Trojaner-Einsatz sorgt für Zündstoff

18 Oktober 2011

Trojaner-Einsatz sorgt für Zündstoff

„Ozapftis“, nein diesmal nicht das Fass Bier am berühmten Münchner Oktoberfest, sondern die Computer von Bürgerinnen und Bürgern. Der Trojaner-Einsatz, eine sogenannte Späh-Software, sorgte in der vergangenen Woche für eine hitzige Plenardebatte im Bayerischen Landtag. Auch auf meinem facebook-Eintrag erlebte ich eine interessante Diskussion dazu und deshalb verlangte ich mit einer Plenumsanfrage vollständige Aufklärung.

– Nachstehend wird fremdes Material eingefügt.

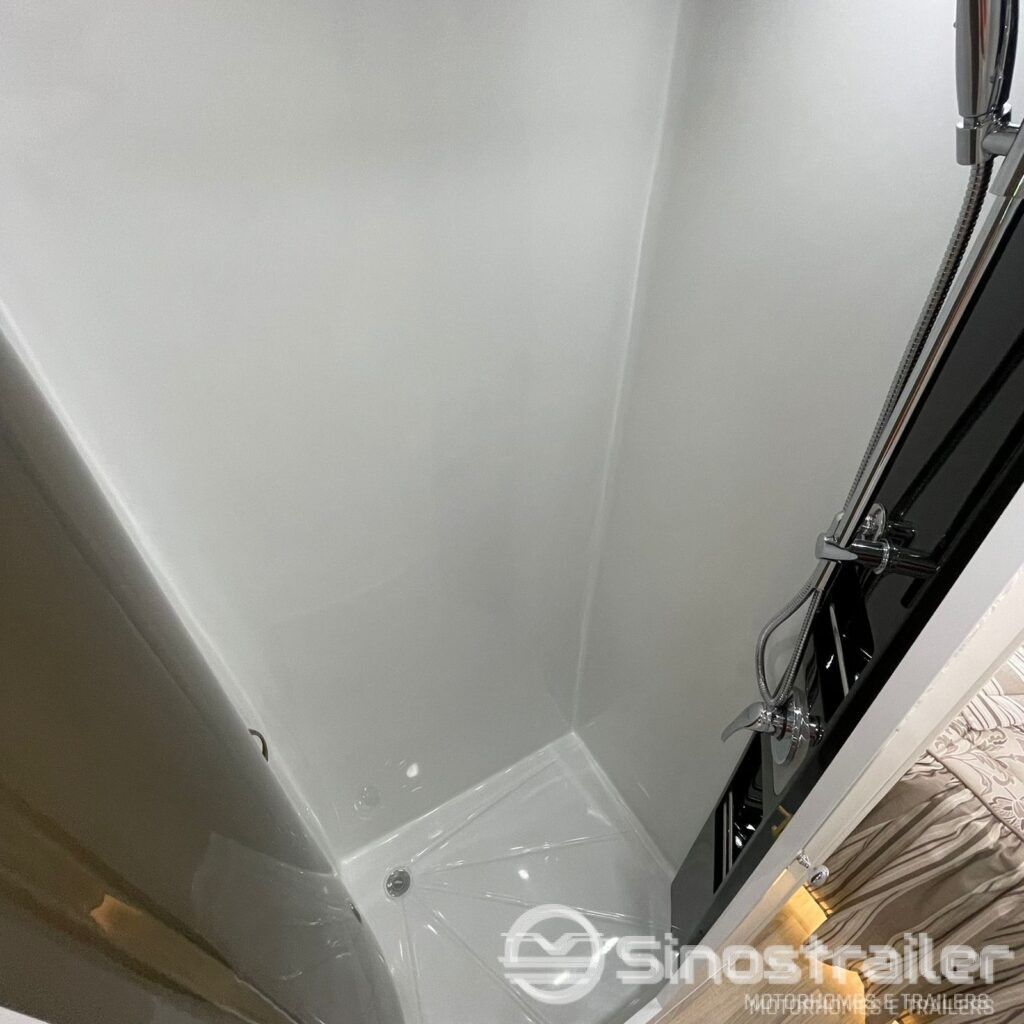 37857682-c05f-4e5b-a2b7-b1c289a70c40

In seiner Antwort hielt sich Innenminister Joachim Hermann betont zurückhaltend. „Die im konkreten Ermittlungsverfahren eingesetzte Software zur Quellen-Telekommunikationsüberwachung wurde von bayerischen Sicherheitsbehörden ausschließlich bestimmungsgemäß und somit nicht für Online-Durchsuchungen verwendet. Bei der Maßnahme wurden Telekommunikationsinhalte erhoben. Das Abhören verschlüsselter Telekommunikation (Quellen-Telekommunikationsüberwachung) ist aufgrund richterlicher Anordnung entsprechend der Strafprozessordnung (StPO) zulässig.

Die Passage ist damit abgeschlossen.